Work item
Should any entry seem unclear, still set it down exactly as given, along with all the others.

Task material

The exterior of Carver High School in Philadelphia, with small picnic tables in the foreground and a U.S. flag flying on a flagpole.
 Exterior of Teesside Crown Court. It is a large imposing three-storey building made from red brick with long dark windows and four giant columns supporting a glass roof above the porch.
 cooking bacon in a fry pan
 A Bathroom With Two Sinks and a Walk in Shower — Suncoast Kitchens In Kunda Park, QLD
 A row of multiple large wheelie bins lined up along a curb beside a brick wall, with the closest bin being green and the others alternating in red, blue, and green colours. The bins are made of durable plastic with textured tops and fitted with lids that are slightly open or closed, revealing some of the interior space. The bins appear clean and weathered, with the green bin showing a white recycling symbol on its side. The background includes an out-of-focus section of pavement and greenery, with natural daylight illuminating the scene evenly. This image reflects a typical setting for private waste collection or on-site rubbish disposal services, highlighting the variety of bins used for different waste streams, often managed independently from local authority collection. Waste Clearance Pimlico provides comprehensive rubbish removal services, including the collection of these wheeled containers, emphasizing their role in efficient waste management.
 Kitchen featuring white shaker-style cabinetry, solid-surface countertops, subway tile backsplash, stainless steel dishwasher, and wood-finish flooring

Answer section
The exterior of Carver High School in Philadelphia, with small picnic tables in the foreground and a U.S. flag flying on a flagpole.
 Exterior of Teesside Crown Court. It is a large imposing three-storey building made from red brick with long dark windows and four giant columns supporting a glass roof above the porch.
 cooking bacon in a fry pan
 A Bathroom With Two Sinks and a Walk in Shower — Suncoast Kitchens In Kunda Park, QLD
 A row of multiple large wheelie bins lined up along a curb beside a brick wall, with the closest bin being green and the others alternating in red, blue, and green colours. The bins are made of durable plastic with textured tops and fitted with lids that are slightly open or closed, revealing some of the interior space. The bins appear clean and weathered, with the green bin showing a white recycling symbol on its side. The background includes an out-of-focus section of pavement and greenery, with natural daylight illuminating the scene evenly. This image reflects a typical setting for private waste collection or on-site rubbish disposal services, highlighting the variety of bins used for different waste streams, often managed independently from local authority collection. Waste Clearance Pimlico provides comprehensive rubbish removal services, including the collection of these wheeled containers, emphasizing their role in efficient waste management.
 Kitchen featuring white shaker-style cabinetry, solid-surface countertops, subway tile backsplash, stainless steel dishwasher, and wood-finish flooring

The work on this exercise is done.